PHOTO OLIVIER PONTBRIAND, LA PRESSE

Brigitte Merran, propriétaire avec son fils du Festin de Babette, rue Saint-Denis

Le problème, selon cette commerçante, c’est que l’administration municipale compare les revenus de l’année 2015 à ceux de 2016, plutôt que de comparer les mois pendant lesquels ont eu lieu les travaux, d’avril à septembre 2016, à ceux de l’année précédente pour déterminer si le propriétaire est admissible au programme d’aide.

« Calculé comme le fait la Ville, ça ne peut pas marcher », assure Mme Merran, qui évalue sa perte à 29 000 $ sur six mois, en 2016.

« Si j’ai fait le même chiffre d’affaires en 2016 qu’en 2015, c’est parce que je me suis battue et que 2015 a été ma pire année. » — Brigitte Merran, propriétaire du Festin de Babette

Plusieurs commerces de la rue Saint-Denis ont fermé entre 2011 et 2015, rappelle-t-elle. Aujourd’hui, un commerce sur quatre est fermé, à vendre ou à louer entre les rues Sherbrooke et Gilford.

« Pour nous, ça allait de pire en pire, poursuit Mme Merran. On ne pouvait pas continuer comme ça. On a donc essayé quelque chose de nouveau en faisant de la publicité sur les réseaux sociaux. On a fait tout ce qu’on pouvait. Mon fils n’a pas pris une cenne. Je lui donnais de l’argent régulièrement et je payais le loyer. »

Résultat : la situation a commencé à s’améliorer pour Le Festin de Babette. De janvier à mars 2016, avant les travaux, Mme Merran dit ne pas avoir perdu d’argent. Même chose d’octobre à décembre. Mais durant l’été, au pic des travaux et de la haute saison, la situation a été « dramatique ».

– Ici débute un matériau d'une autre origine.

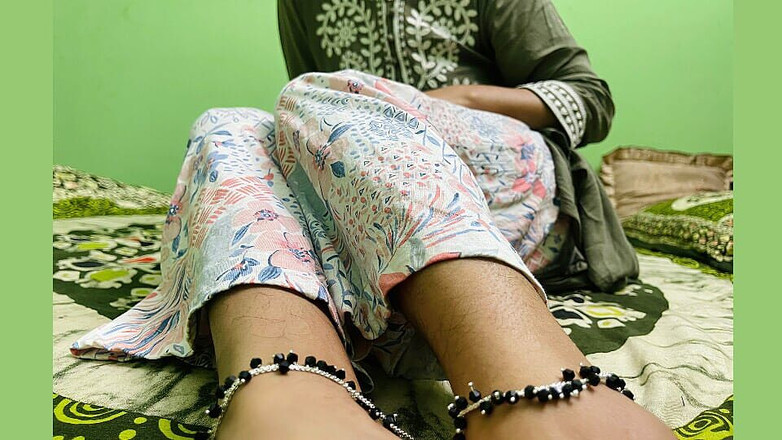 Riya Chowdhury: Seksi bayan pembe amına meyve suyu döküyor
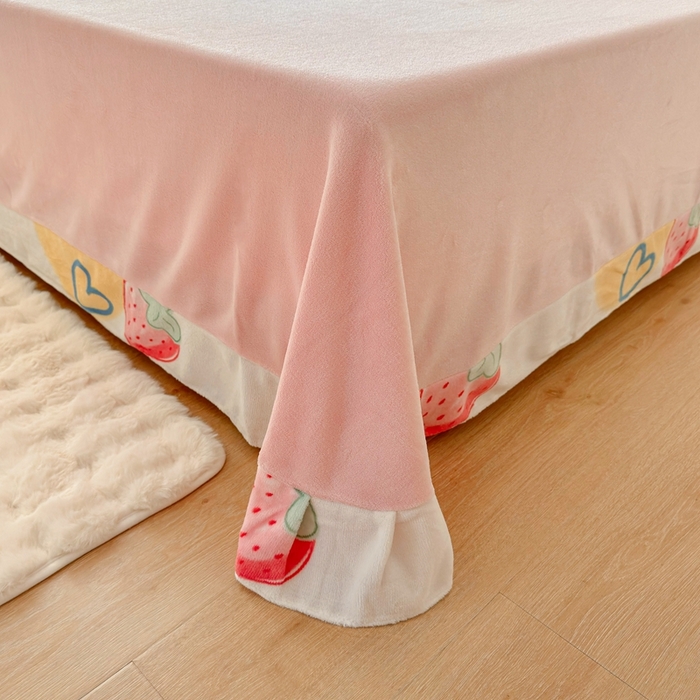 91家纺网 家纺一手货源 找家纺 呗旺鹿 2023新款高克重加厚印花牛奶绒四件套直播 莓莓相印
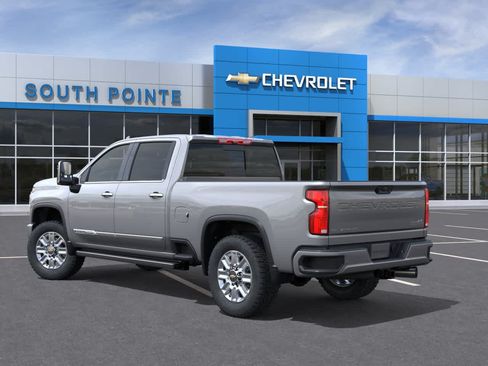 New 2026 Chevrolet Silverado 2500 High Country w/ High Country Premium Package AWD/4WD image 3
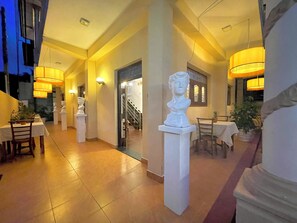 Dining - Rivinson (Negombo)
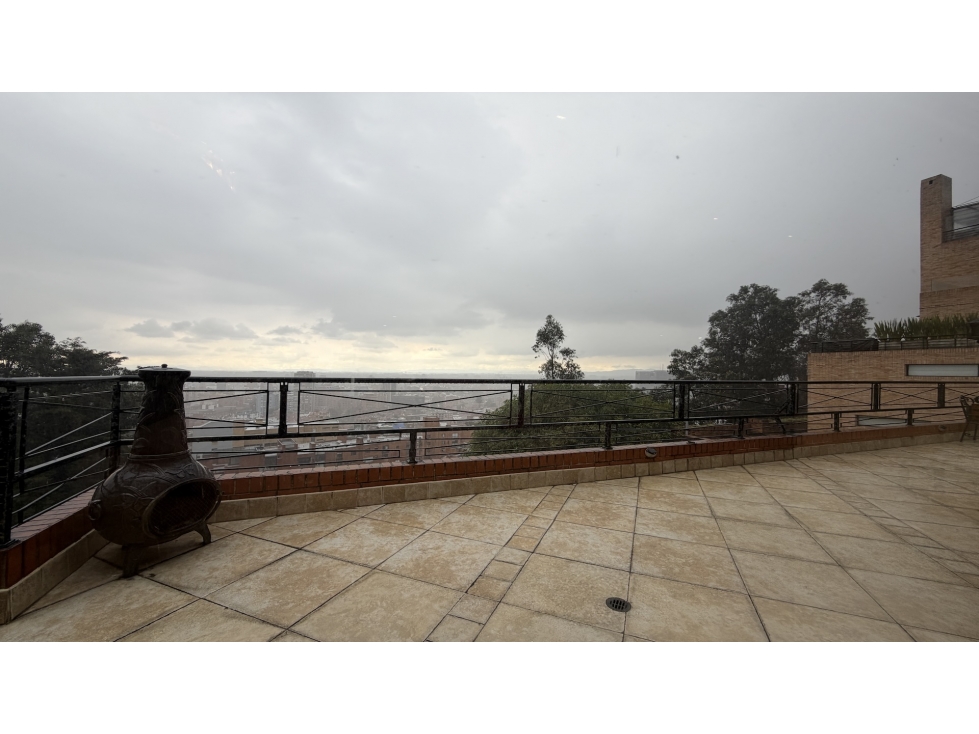 Apartamento con Terraza en venta en Los Rosales — foto 3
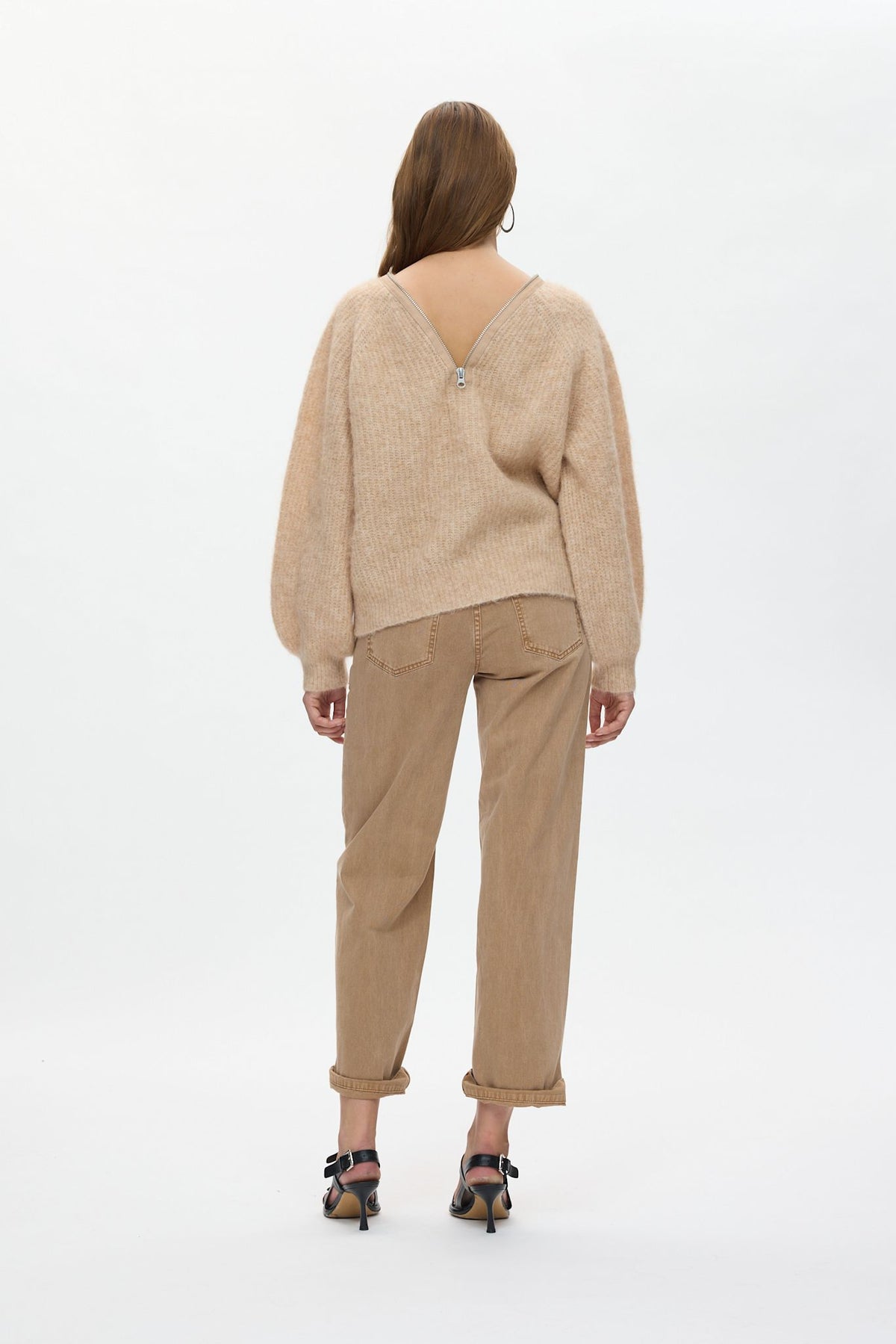 Maelle - Superlight knit zip opening sweater I Light camel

À la suggestion de la présidente de la Société de développement commercial (SDC) Rue Saint-Denis, Lyne Beauvilliers, qui n’a pas rappelé La Presse, Mme Merran a écrit une lettre à Robert Beaudry, responsable du développement économique et commercial au comité exécutif de la Ville de Montréal, pour défendre son cas. Lundi, elle a reçu l’appel d’un fonctionnaire qui a accepté de la rencontrer hier matin pour lui confirmer qu’elle n’avait droit à « rien de rien ».

Pourquoi cet insuccès ?

Rue Sainte-Catherine, où d’importants travaux sont en cours de façon quasi ininterrompue depuis janvier 2018, un seul commerçant a déposé une demande de subvention à la Ville à ce jour. Rue Saint-Denis, il y a eu treize demandes, dont trois refus. Et rue Saint-Hubert, deux, dont un refus.

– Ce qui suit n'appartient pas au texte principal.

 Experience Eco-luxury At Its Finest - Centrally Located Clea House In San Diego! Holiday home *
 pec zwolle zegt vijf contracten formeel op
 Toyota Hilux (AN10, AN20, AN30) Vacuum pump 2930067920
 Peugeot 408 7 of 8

PHOTO ALAIN ROBERGE, ARCHIVES LA PRESSE

D’importants travaux sont en cours sur la rue Sainte-Catherine, au centre-ville de Montréal.

Comment expliquer le faible succès de cette mesure ?

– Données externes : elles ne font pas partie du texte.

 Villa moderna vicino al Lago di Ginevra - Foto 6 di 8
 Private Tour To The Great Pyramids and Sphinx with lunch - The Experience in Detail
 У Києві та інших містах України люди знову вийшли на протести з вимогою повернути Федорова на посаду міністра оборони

« La procédure pour bénéficier du Programme d’aide financière aux établissements situés dans un secteur affecté par des travaux majeurs est simple », répond Marie-Eve Courchesne.

« Toute l’information est accessible sur le site de la Ville. Les commerçants sont invités à déposer leurs demandes. » — Marie-Ève Courchesne, chargée de communication pour la Ville de Montréal

Mme Merran avance une autre explication : « Rue Saint-Denis, beaucoup ont déposé leur bilan, dit-elle. Ces commerces n’existent plus. Les grosses pointures sont toutes parties depuis les travaux de 2016, à part quelques irréductibles comme Zone et Renaud-Bray. »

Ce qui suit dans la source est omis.